**DIRECTIONS FOR THIS TASK:**
Retype only the lines below from the one with "London Times White/Blue" to the one with "NWT Stacey Adams", inclusive, skipping every image.

**STORED DATA:**
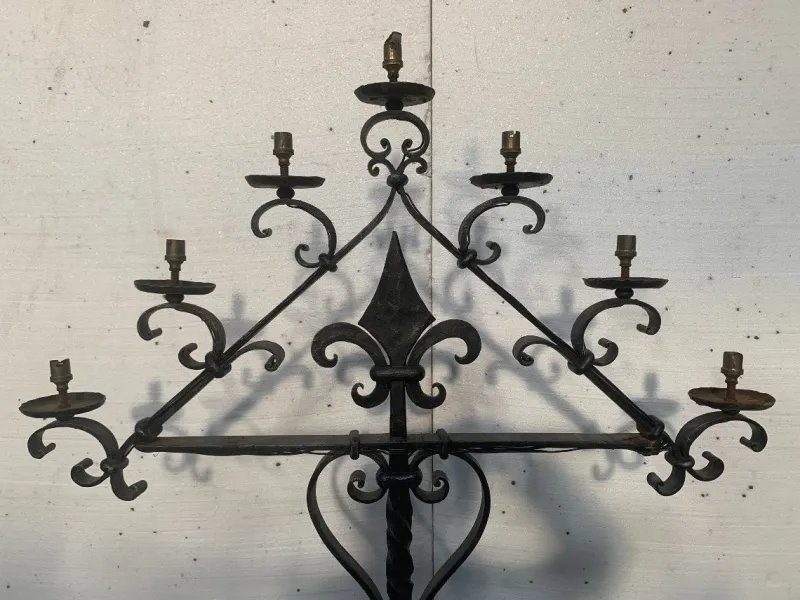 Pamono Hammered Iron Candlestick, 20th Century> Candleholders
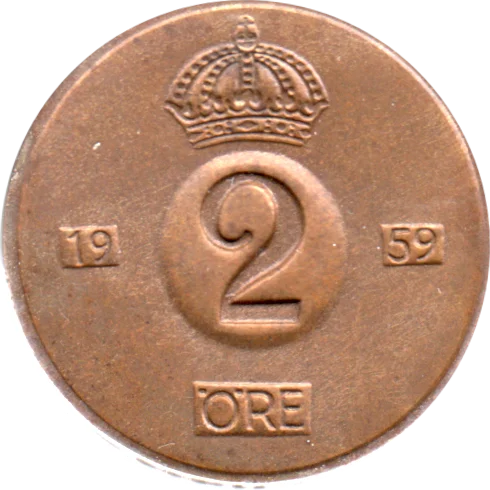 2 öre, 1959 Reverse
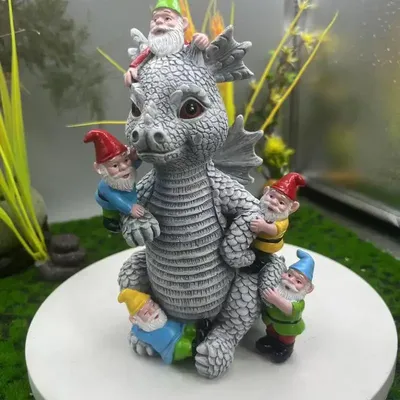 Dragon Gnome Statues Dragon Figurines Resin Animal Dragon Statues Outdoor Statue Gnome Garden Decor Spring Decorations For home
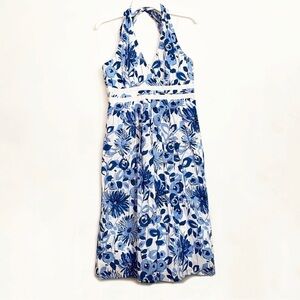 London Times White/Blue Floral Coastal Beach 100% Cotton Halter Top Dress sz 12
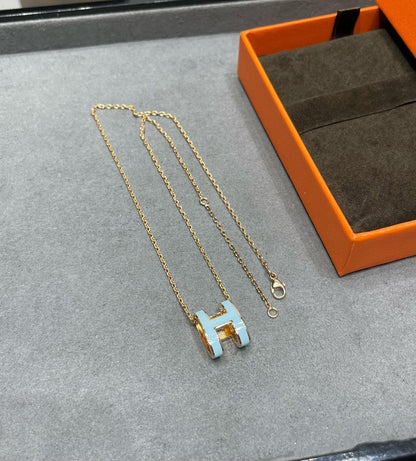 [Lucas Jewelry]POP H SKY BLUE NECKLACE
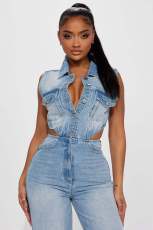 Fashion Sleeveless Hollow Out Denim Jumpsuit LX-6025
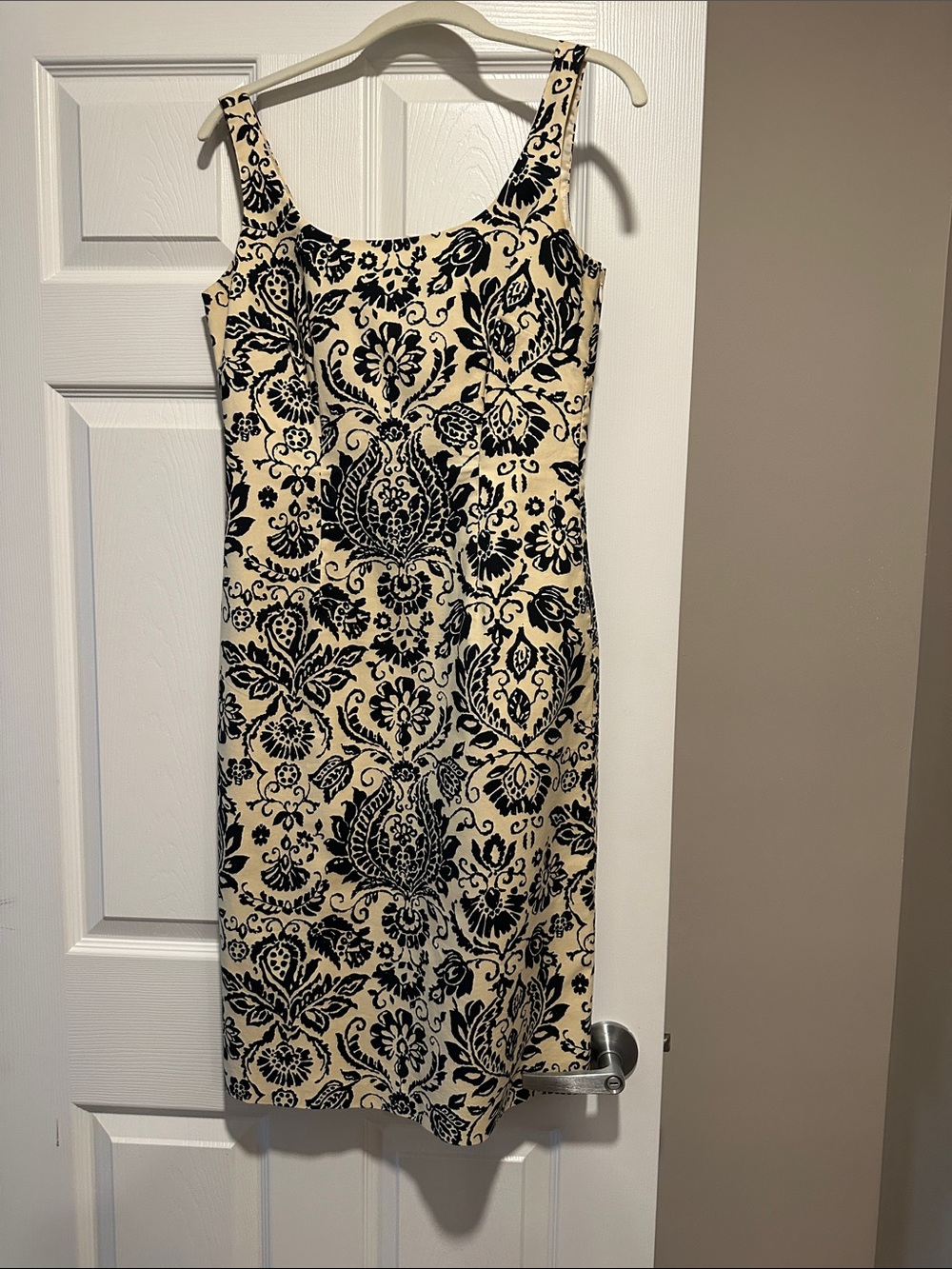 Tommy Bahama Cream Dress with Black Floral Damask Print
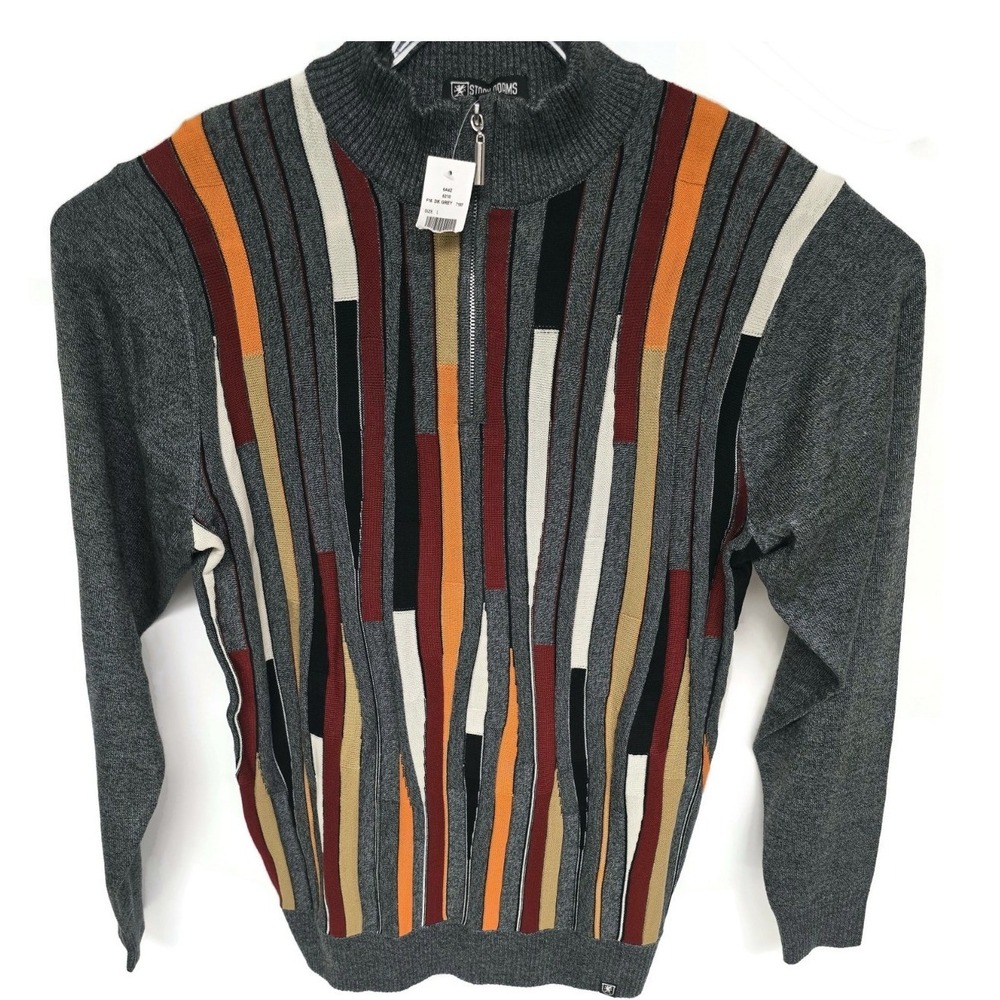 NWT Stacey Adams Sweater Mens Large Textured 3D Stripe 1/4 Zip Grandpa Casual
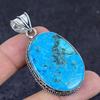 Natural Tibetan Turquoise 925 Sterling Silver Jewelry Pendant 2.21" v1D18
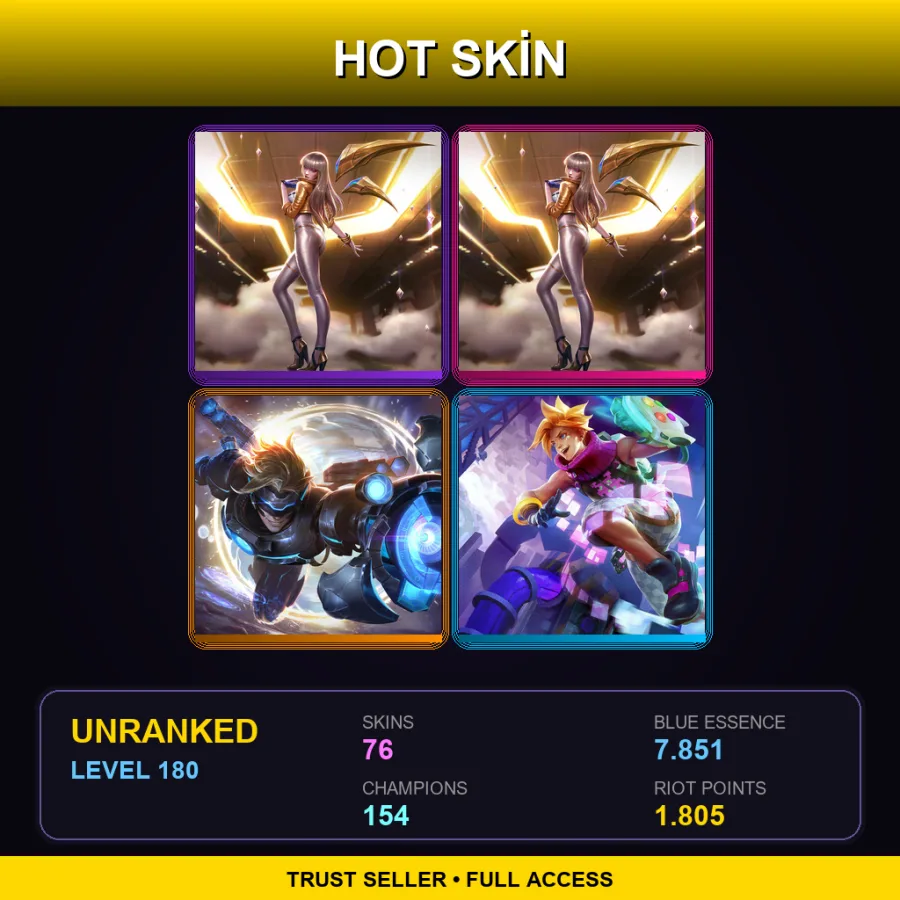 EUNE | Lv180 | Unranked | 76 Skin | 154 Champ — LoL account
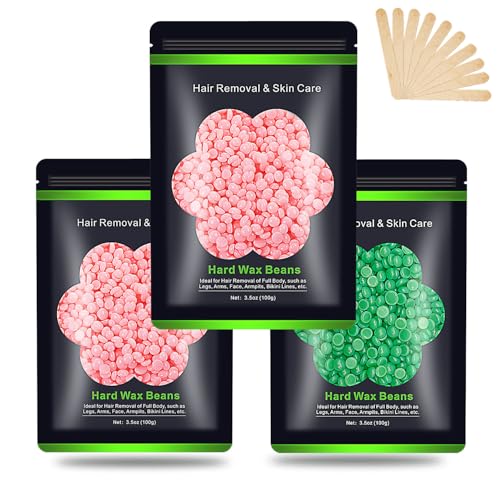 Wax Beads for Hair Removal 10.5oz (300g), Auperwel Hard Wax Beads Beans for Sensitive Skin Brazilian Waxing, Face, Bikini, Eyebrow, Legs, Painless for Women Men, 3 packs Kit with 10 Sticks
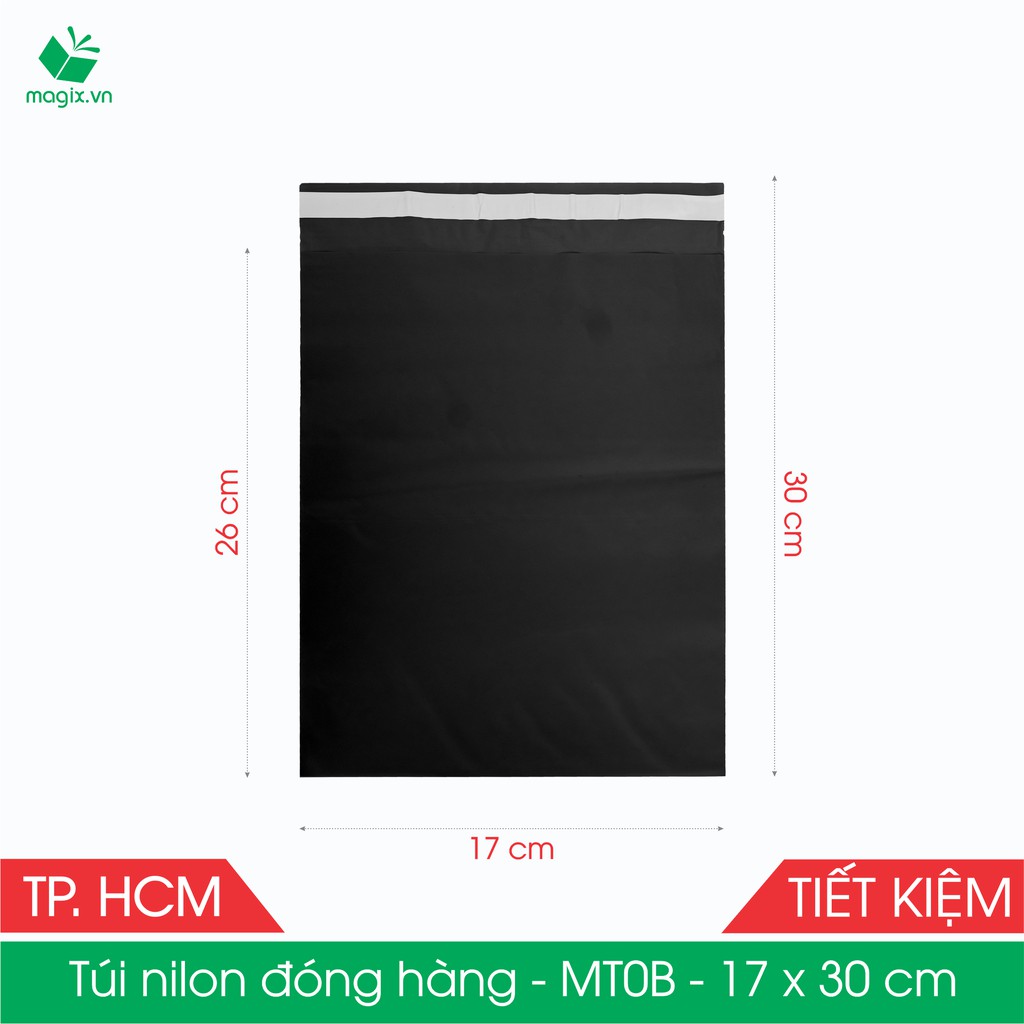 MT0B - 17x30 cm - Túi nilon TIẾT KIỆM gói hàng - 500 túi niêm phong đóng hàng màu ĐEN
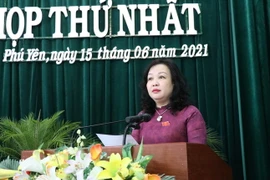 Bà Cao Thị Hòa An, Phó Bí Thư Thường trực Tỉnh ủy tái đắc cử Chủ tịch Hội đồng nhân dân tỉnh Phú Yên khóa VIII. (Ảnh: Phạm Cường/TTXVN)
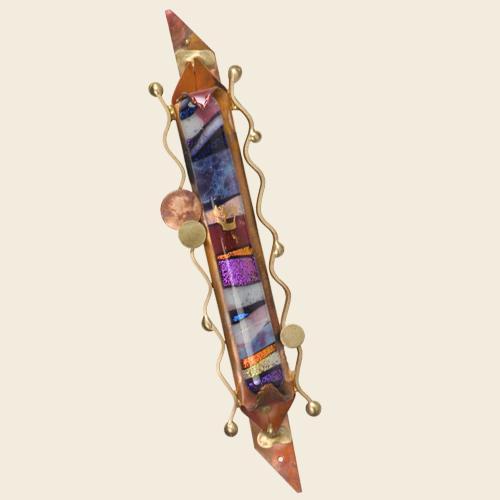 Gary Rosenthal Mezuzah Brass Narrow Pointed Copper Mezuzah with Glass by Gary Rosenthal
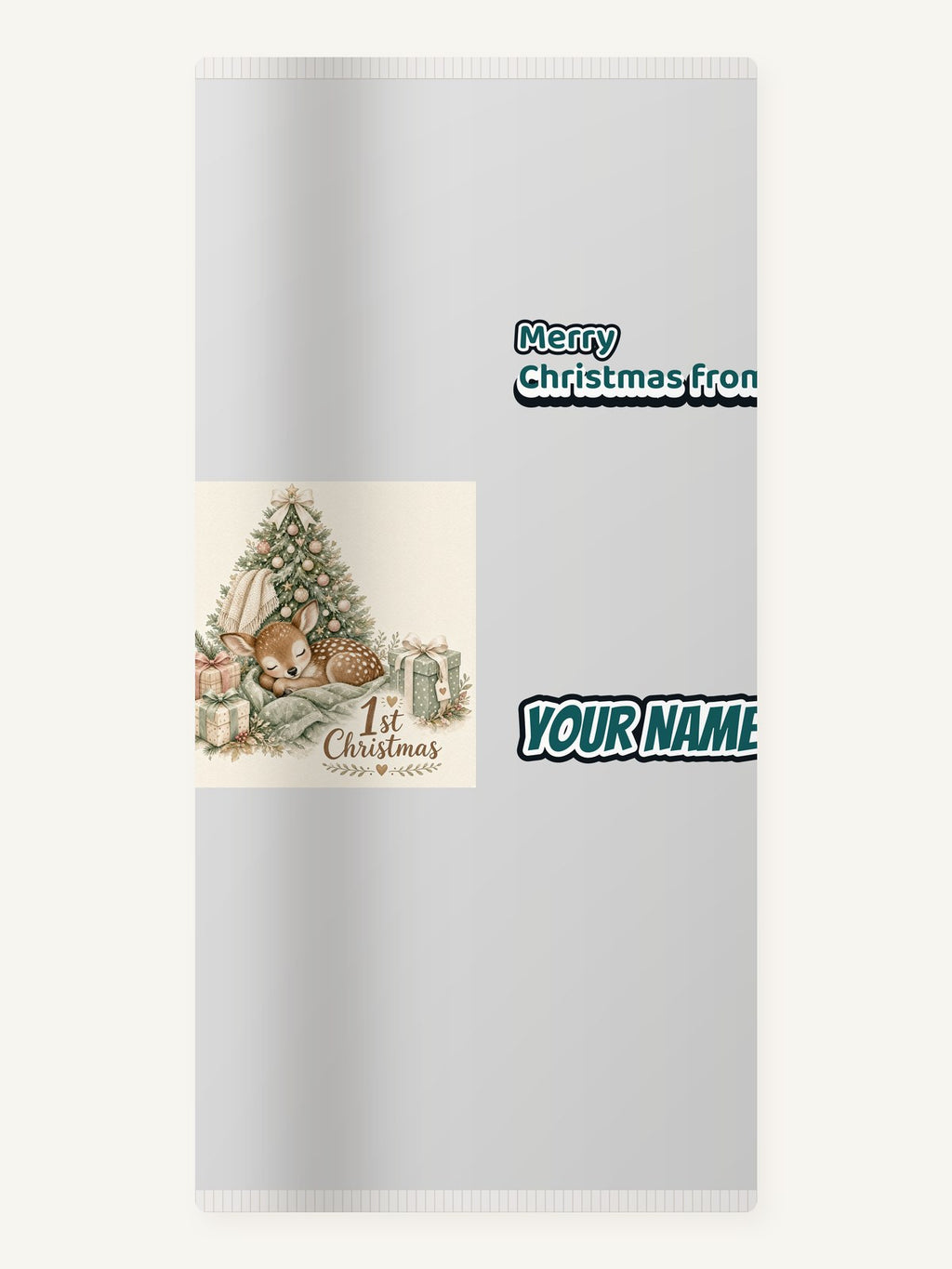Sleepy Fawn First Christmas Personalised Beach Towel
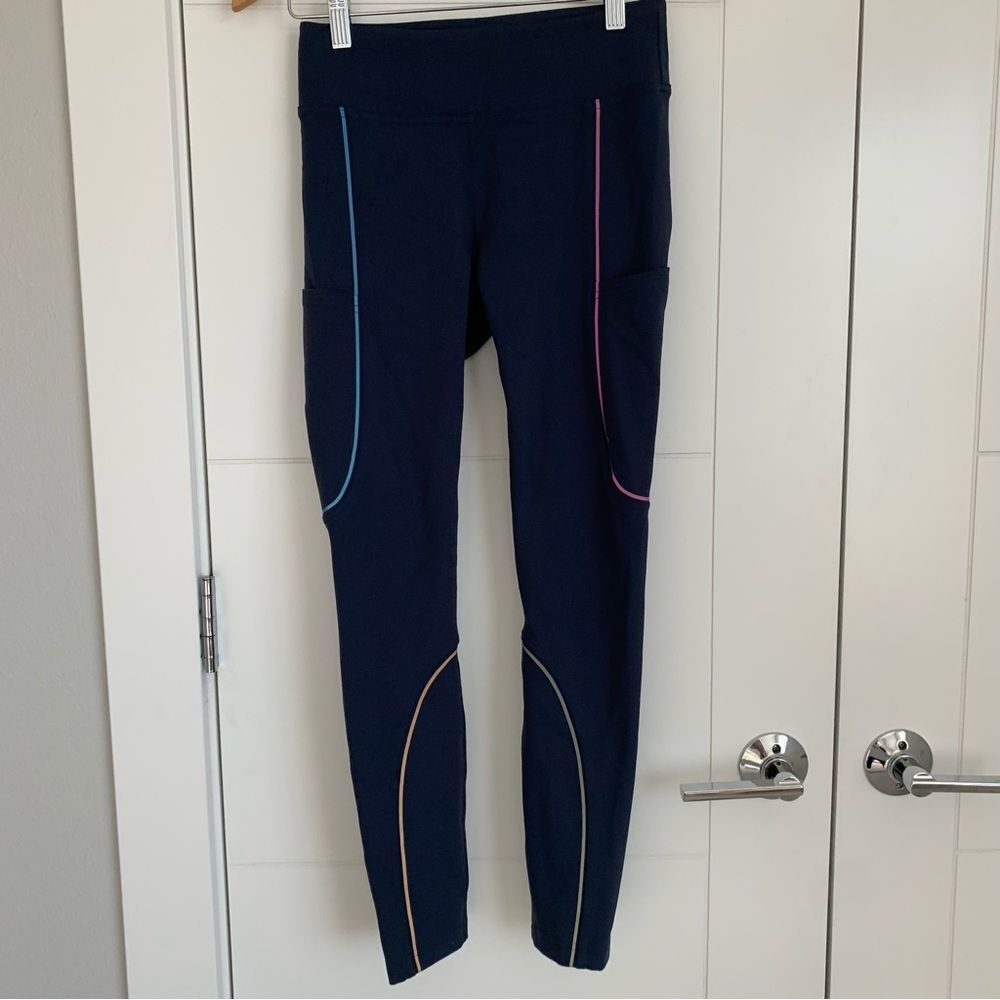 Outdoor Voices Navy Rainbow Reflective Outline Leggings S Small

**WRITTEN ANSWER:**
 London Times White/Blue Floral Coastal Beach 100% Cotton Halter Top Dress sz 12
 [Lucas Jewelry]POP H SKY BLUE NECKLACE
 Fashion Sleeveless Hollow Out Denim Jumpsuit LX-6025
 Tommy Bahama Cream Dress with Black Floral Damask Print
 NWT Stacey Adams Sweater Mens Large Textured 3D Stripe 1/4 Zip Grandpa Casual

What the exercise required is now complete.